By then Grace was often sleeping over at the Grahams’ whenever Mrs. Graham decided it had gotten too late for Grace to go home. Mrs. Graham had fixed up the small guest bedroom in the attic for Grace with flowered quilts from her own childhood and a toile-shaded lamp. Riley snuck up the stairs at night, delighted at the creepiness of sex in that little rosebudded room. He sometimes grew frustrated at Grace’s relationship with his mother and needed reminding that their closeness was exactly the thing that enabled his comfortable and unobstructed sex life.

 

Grace was lying awake in this bed one morning at dawn, Riley asleep next to her, when she felt a space open up in her imagination: What if Riley stopped loving her? What if she lost her room in this house? When she was at home, she was always waiting to come back here; her parents and brothers were strangers milling around while she sat watching the clock, looking for a reason to go.
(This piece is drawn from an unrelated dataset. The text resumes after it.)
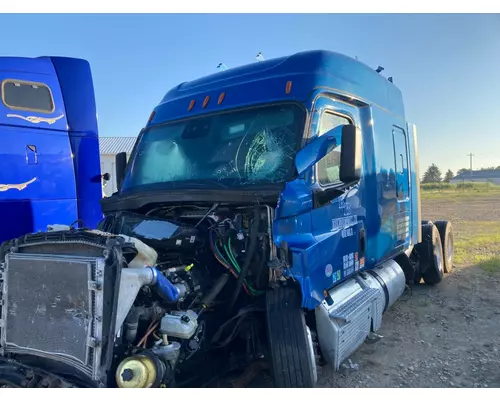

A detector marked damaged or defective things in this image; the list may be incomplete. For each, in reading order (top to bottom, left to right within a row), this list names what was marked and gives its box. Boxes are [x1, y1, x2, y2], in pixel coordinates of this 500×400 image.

cracked windshield [123, 103, 306, 191]
damaged blue semi-truck [0, 50, 454, 388]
And if there were no reason for her? She felt suddenly haunted, the ghost the threat of becoming a ghost herself.

 

She watched Madison at school. It was the matter-of-factness in her demeanor—she never crossed her legs; she smoked at lunch—that Grace, in her yellow sundress, found particularly menacing. Grace had been challenged not by someone she could best, but by her opposite.

 

Grace contemplated anal sex, which she hadn’t done and didn’t want to do. Had she unconsciously saved it for a time like this? But then, late on a Friday night when Grace, Riley, Greg, and Alls were drinking amiably in the woods behind the Kimbroughs’ house, Riley erupted with laughter. He handed his phone to Grace. There was Madison, tits out, begging for his attention from the screen.

 

“Christ,” Riley said. “Some people have no manners.”

 

Grace peered closely at the picture, comparing Madison’s breasts to her own until she felt Greg’s breath on her neck.

 

“The Kimbroner likes her,” he said.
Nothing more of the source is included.